To predict how humans will be affected by climate change, geographers and climatologists led by Professor David Chen Yongqin from the Department of Geography and Resource Management at The Chinese University of Hong Kong (CUHK) and Dr Li Jianfeng from the Department of Geography at Hong Kong Baptist University (HKBU) studied the apparent temperature (AP), the temperature equivalent perceived by humans. They found that AP increased faster than air temperature (AT) over land in the past few decades, especially in the low latitude areas, and the rise is expected to continue in the future. This finding was recently published in Nature Climate Change.

 

Scientists have developed and used Global Climate Models (GCMs) to simulate the global climate and make projections of future AT and other climatic variables under different carbon emission scenarios in the 21st century. However, GCMs do not directly project how the change of other climatic factors, such as humidity and wind, affects human perception.

 

Professor Chen remarked, “Among the extensive and far-reaching impacts of global warming, human health and labour productivity are most directly affected by thermal discomfort and heat-related morbidity and mortality. Our study of the faster increases in apparent temperature has produced important findings for this kind of climate change impact assessment, providing a strong scientific support for more stringent and effective climate change mitigation efforts to combat global warming.”

 

Dr Li said the latest research findings give a better understanding of changes in human-perceived equivalent temperature, and indicate global warming has stronger long-term impacts on human beings under both extreme and non-extreme weather conditions, suggesting that climate change adaptation cannot just focus on heat wave events, but should be extended to the whole range of effects of temperature increases.
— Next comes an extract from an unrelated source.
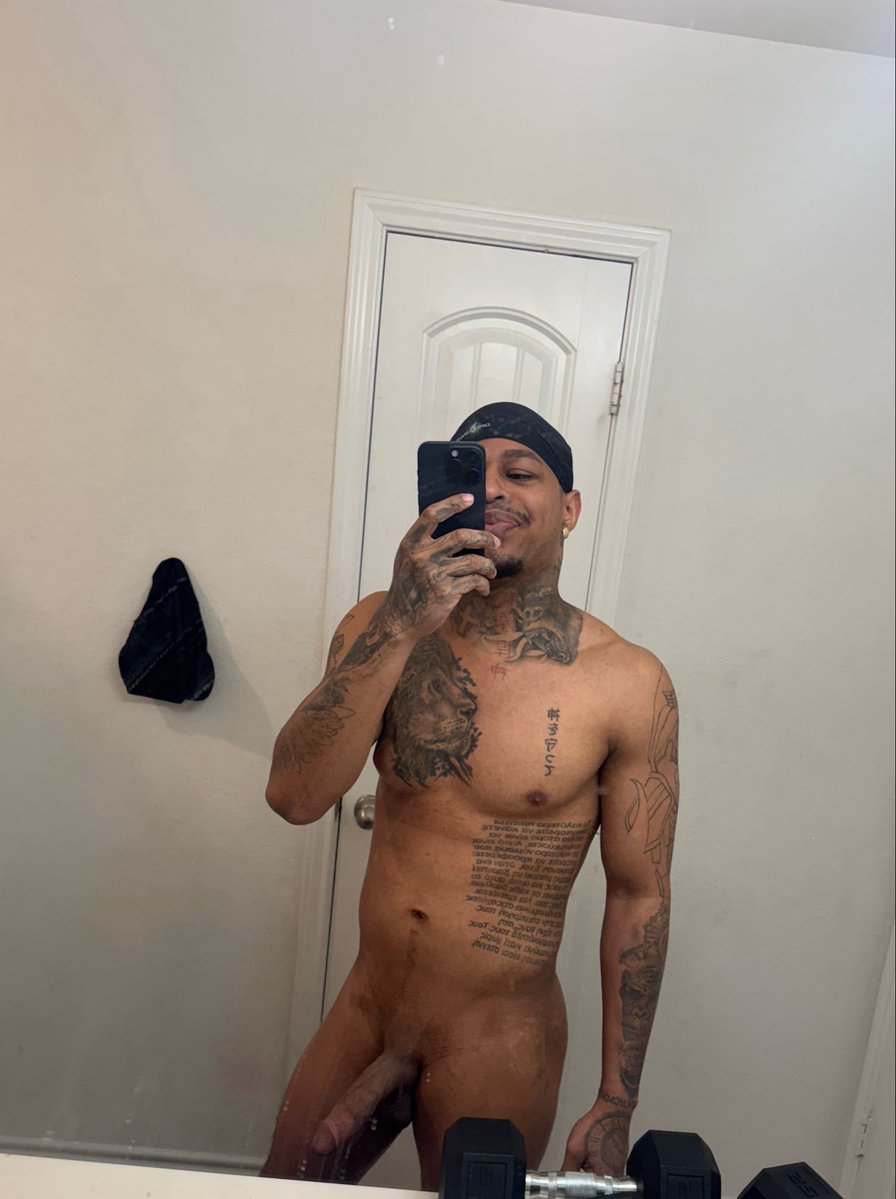 JohnAvilesOvO's tweet photo. https://t.co/RHLu837UXu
The team will continue to explore the related issues to enhance the scientific knowledge. 

  

The research team used four reanalysis datasets of the past climate and outputs from seven GCMs to estimate the human-perceived equivalent temperature AP, from AT, humidity and wind. Findings showed that the global land average AP increased 0.04℃ per decade faster than AT before 2005, because of the concurrent increases in AT and humidity. This trend was projected to increase to 0.06 ℃per decade and 0.17℃per decade under Representative Concentration Pathway 4.5 scenario (RCP4.5) and RCP8.5, respectively, and reduce to 0.02℃ per decade under RCP2.6. The faster increases in AP are more significant in low latitude areas (tropical and sub-tropical regions) than the middle and high latitude areas. Study also indicated that the number of days with extremely apparent temperature will substantially increase in 2081 to 2100 compared to the period between 1981 and 2000, mainly due to the remarkable increase in the frequency of extremely hot days in summer.

 

Taken together, a key conclusion is that the world, as perceived by human beings, will become hotter than that just indicated by air temperature under global warming. This conclusion clearly implies that cities and communities, especially those located at tropical and sub-tropical regions like Hong Kong, will face bigger threats from hot weather and therefore greater efforts for climate change mitigation and adaptation are vital and urgent.

 

In this study, Professor Chen and Dr Li collaborated with AXA Professor Gabriel Lau Ngar-Cheung from the Department of Geography and Resource Management at CUHK, and Professor Thian Yew Gan from the Department of Civil and Environmental Engineering at the University of Alberta in Canada.